Her next visit to the country could have resulted in her arrest and perhaps a few days in jail while the paperwork and legal procedures got sorted out.

No thanks. She paid several hundred dollars instead. No victim. No accidents. No damage to property. Just hundreds of dollars in fines for going a few kilometers over the limit along some roadway and never hurting anyone.

I once rented a flat near London for six months. Signed the paperwork on a Friday and moved in on Saturday. On Tuesday, a tax bill arrived at my new address – in my wife’s and my names – informing us we owed $2,200 in Council Tax for the duration of our residency in the neighborhood.

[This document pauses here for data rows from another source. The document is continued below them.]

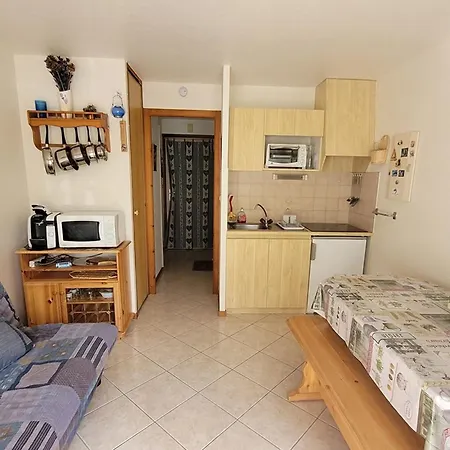 Apartment 25m² Au Pied Des Montagnes, Balcon, Ideal Pour 4 Pers - Fr-1-573-95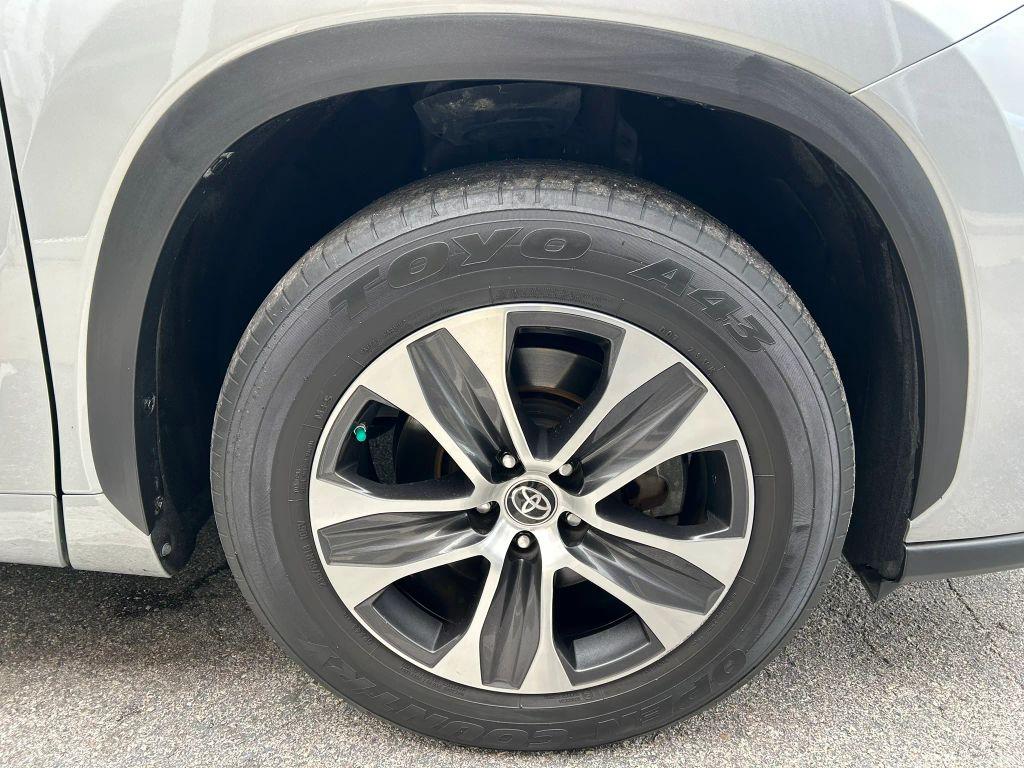 Toyota Highlander Hybrid - Thumbnail 2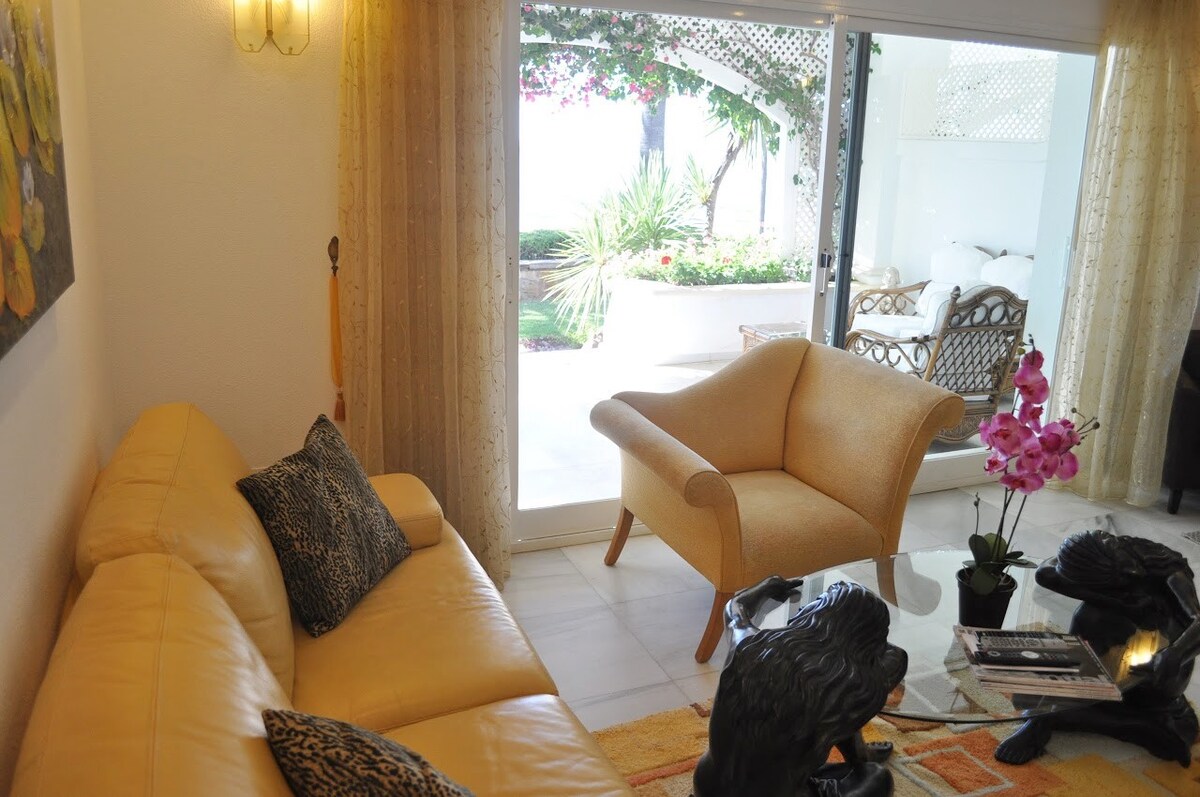 Frontline Apartment in Beachside Complex Estepona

A week after I purchased a TV, the invoice arrived for the infamous UK telly license. Who says government can’t be efficient? They certainly wasted no time in taxing us.

Wealthy countries have the ability to do such things. They track your finances. They track your purchases. They track your movements.

The UK has one surveillance camera for every eleven people. These wealthy governments (and I use that term loosely, given their true balance sheets) have a million rules and regulations and at any given minute you’re likely in violation of several of them.

Doing business with a handshake

Perhaps counter-intuitively, people in poorer, developing countries don’t live under such relentless scrutiny. (The various North Koreas of the world excepted.)

In places like Mexico, for example, two men can do minor business according to the terms they agree upon.

Their first thought isn’t about whether their arrangement is acceptable to the government or will run afoul of petty laws.

When I speak to the owner of a home in Mexico, I can rent it under any terms and conditions that are mutually agreed upon and seal the deal with a handshake. Nobody else needs to be privy to the arrangement.

The owner of the property is not an unpaid agent of the State who must collect taxes and submit paperwork and report my whereabouts to the authorities.

In these parts of the world, we’re still just two people coming to agreement and doing mutually beneficial business.

Maybe I’m getting old, but there is a long-lost, familiar charm in visiting a place of business and not seeing a dozen posters on the wall with rules and legal disclaimers intended to reduce lawsuits and comply with uncounted regulations.

Service can be personalized without setting some silly precedent that would have to be slavishly followed going forward.

If I treat a man with the dignity and respect he’s due, he’ll go the extra mile to see that I’m very happy.

Maybe that’s the reason most people seem so much happier in poorer countries. Their world makes sense.

No safety police

Look, nobody wants to die an early death because of an unsafe situation. That’s a given.

But when I’m in a major city in a Western country I often feel like I’m at Disneyland. Safety railings everywhere, warning signs, audio announcements telling me to watch my step, hold the rail, look both ways.

It’s like being a four year old out for a city walk with mom. It grates on me.

By contrast, there is a visceral satisfaction in climbing over rocks to reach a deserted beach that has never hosted a signpost or a lifeguard. Or walking through a field full of trip hazards to reach the perfect vantage point for a photo.

It’s at these times that a traveler feels nothing like a tourist and nothing like a watched child.

These are the places where a rational adult can exercise his faculties of risk assessment and latent desire to connect with his world.

The Safety Police don’t care about that. They care about regulation and compliance as a way of life. No exceptions.

Living part of every year in the developing world is a way to reconnect with what it means to be fully human in an environment of your own choosing.

For me, it’s an opportunity to reawaken what it is to be a man who controls his own life.

It’s only a shame so many of us have to go so far to do such a natural thing.